Они подошли к молодым березкам, и Гайда предложила сесть.

– Здесь хорошо – тень… Я хочу попросить вас, Галина Владимировна, передать от моего имени капитану Белоненко несколько слов. Вы исполните мою просьбу?

– Пожалуйста, – несколько удивленно ответила Галя.

– У Белоненко много друзей, – продолжала Гайда, – но есть у него и враги. – Она немного помолчала, покусывая зубами сорванную травинку. – Полковника Тупинцева я знаю очень давно, – медленно произнесла она. – Еще до того, как я попала в эти места. Этот человек никогда не останавливается на полдороге… Не думайте, однако, что он какой-то зверь и что в нем все дышит злобой и жестокостью. Нет, он просто убежден только в своей правоте и давно уж разучился прислушиваться к голосам окружающих. А ведь когда-то это был настоящий человек, только разве немного больше, чем нужно, эгоистичен и властолюбив. Ну, это – дело прошлое… Может быть, – задумчиво добавила она, – ему следовало бы родиться во времена крестовых походов. Так вот, Галя… Полковник Тупинцев и капитан Белоненко – это противоположные полюсы. Все, что делает Иван Сидорович, о чем он думает и к чему стремится, – чуждо Тупинцеву и представляется ему чуть ли не враждебным. Понимаете, Галя, они говорят на разных языках и мыслят различными категориями.

– Да, – нерешительно ответила Левицкая, – мне теперь это тоже кажется. А ведь раньше я просто преклонялась перед Тупинцевым…

– Я – тоже, – коротко ответила Гайда и наклонила голову. – С тех пор многое изменилось. – Она вздохнула, – Самое лучшее для Белоненко – это было бы перевестись в другой лагерь, – неожиданно сказала она. – Здесь рано или поздно Тупинцев постарается расправиться с ним. А в средствах он не стесняется…

Галя тревожно взглянула на Гайду:

– Что он может сделать Белоненко? Ведь все это – низкая, грязная клевета! Неужели, кроме Тупинцева, здесь никого нет? Я хотела зайти к секретарю партбюро, поговорить с ним…

– Василий Иванович знает все лучше, чем мы с вами. И дело вовсе не в том, что сейчас Ивану Сидоровичу предъявляют какие-то идиотские обвинения в сожительстве с заключенной. В этом партийный комитет и командование лагеря разберутся.
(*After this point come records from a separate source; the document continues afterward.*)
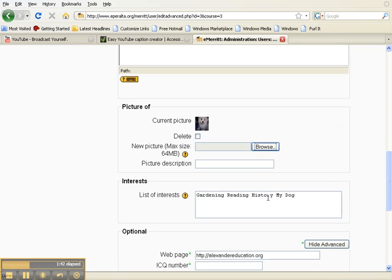If you like, you can add a list of interests and these will appear as tags in your blog.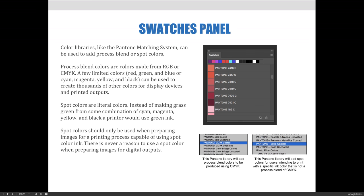Color libraries like the Pantone matching system can be used to add process blend or spot colors. Process blend colors are colors made from red, green, and blue, or CMYK—cyan, magenta, yellow, and black. When a color is referred to as being a process or blend color, it means a few limited colors like the red, green, and blue for RGB color mode, or the cyan, magenta, yellow, and black for CMYK color mode, can be used to create thousands if not millions of other colors for display devices and printed outputs.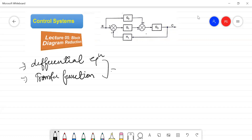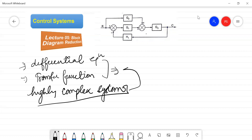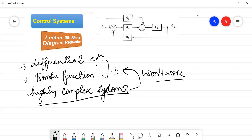These two are the mathematical ways of representing any given system. However, if the given system is a highly complex system, these methods become difficult to use. Representing such a system through differential equations would be a hectic work with large equations, and similarly we would have a transfer function of large order. So it is almost undesirable to represent a highly complex system through differential equations or through transfer function.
Не так-то уж беспомощен наш начальник Управления, чтобы растеряться и уступить нажиму… Не в этом опасность…

– Тогда я не понимаю…

– Ах, Галя! Как многого вы еще не понимаете! – вздохнула Гайда. – И дай вам бог всегда оставаться такой, какая вы есть сейчас. Вы не обижайтесь на меня, девочка, но я не могу и не должна говорить с вами откровенно до конца… Но я отвлеклась. Прошу вас, передайте Белоненко, чтобы он взвесил все обстоятельства и был бы очень, очень осторожен. Достаточно ему будет совершить какую-нибудь небольшую ошибку – и Тупинцев использует это в своих целях.

– Да что же это такое! – в отчаянии воскликнула Галя. – Что ему нужно от нашего капитана? Дорогу он ему перешел, что ли?

Вдали послышался сиплый гудок паровоза. Гайда встала.

– Вот именно. – Она нагнулась за своим чемоданчиком. – Перешел дорогу. Но неизвестно только, можно ли назвать дорогой ту тропинку, по которой бредет сейчас полковник Тупинцев.

«Ненаглядная моя доченька! Пишу тебе и очень тороплюсь, потому что через полчаса мне надо быть на дежурстве – на целые сутки, а там уже не присядешь… Только сейчас вернулась домой из прокуратуры. Дорогая моя девочка, даже не верю я, что скоро кончится наша разлука, и ты снова будешь со мной. Дело твое уже пересмотрено, мне сказал прокурор, что все хорошо, что тебя освободят, только судимость пока не снимут. Обо всем я тебе потом напишу подробнее, а сейчас только о самом главном. Мне зачитали бумагу о твоем освобождении и дали расписаться, что я ее читала, а постановление пошлют в ваши лагеря, так что, дай бог, через месяц мы будем вместе. Прокурор этот – товарищ Батурин – просто замечательный человек, даже мне подал воду, когда я от радости там расплакалась… Я и сейчас сижу и плачу, сама не знаю почему. Радоваться надо, а я вот плачу… Хотела я к твоему приезду хоть немного отремонтировать нашу комнатку, закоптилось в ней все, только вот не знаю, смогу ли раздобыть краски, чтобы стены освежить. Обоев теперь не достать… Ну, а если не успею, то уж вместе сделаем. Говорила я о тебе с начальником госпиталя, чтобы устроить тебя работать. Он говорит, что с руками и ногами возьмет. Очень нужны у нас люди. А не захочешь в госпиталь, на завод пойдешь, а как война кончится, снова учиться будешь. Заканчиваю письмо, родная моя Мариночка, после дежурства напишу все подробнее. Потерпи еще немножко, все будет хорошо. Передай привет своему начальнику и своей подруге Маше. Ты позови ее к нам, пусть приезжает. Целую тебя, моя родная. Твоя тетя Даша».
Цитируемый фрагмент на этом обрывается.